* TASK *
Word for word, quote the lines from the one containing "Flannery defends John…" to the end of the entries below, including both. Leave pictures out.

---------- DATA ----------

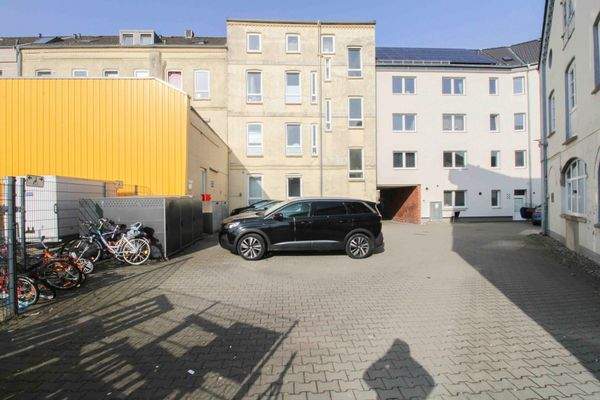 Rückwärtige Ansicht mit Parkplätzen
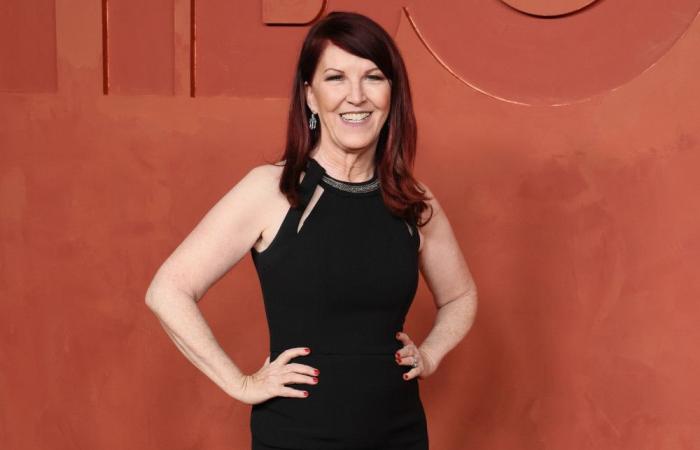 ‘He is really hot’ Kate Flannery defends John…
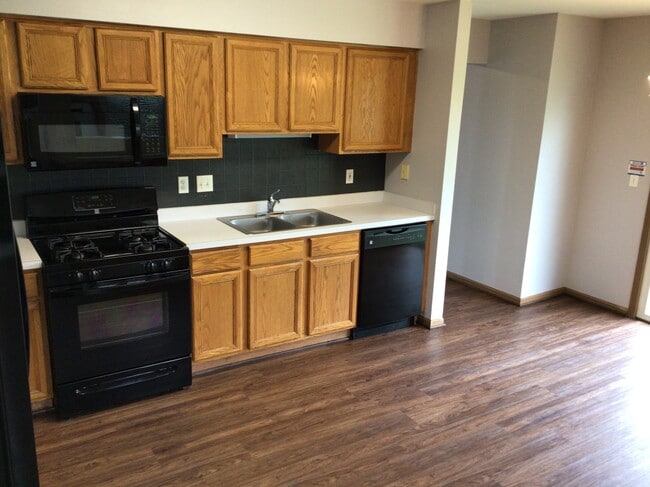 Photo - 13843 S Petersburg Dr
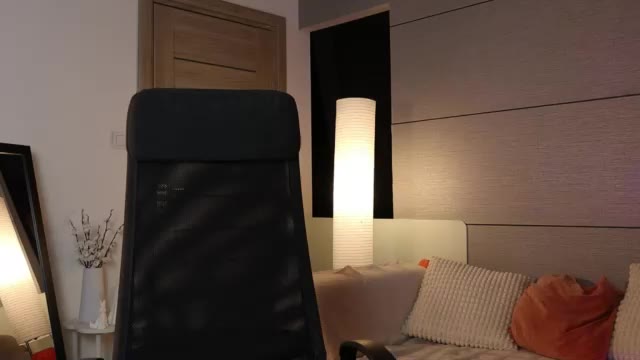 emma__cutiee — Chaturbate: ფოტოები და პროფილი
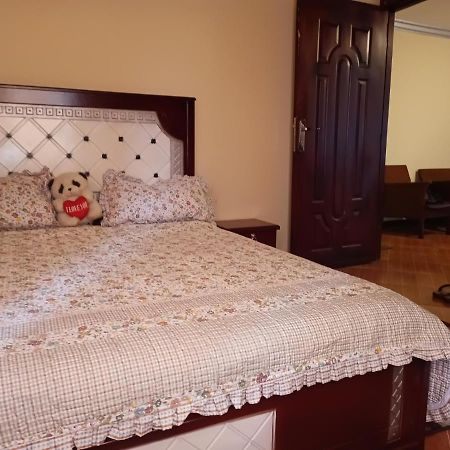 Fully Furnished Condo In The Center Of Addis Abeba Eksteriør bilde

----------

* EXERCISE RESULT *
 ‘He is really hot’ Kate Flannery defends John…
 Photo - 13843 S Petersburg Dr
 emma__cutiee — Chaturbate: ფოტოები და პროფილი
 Fully Furnished Condo In The Center Of Addis Abeba Eksteriør bilde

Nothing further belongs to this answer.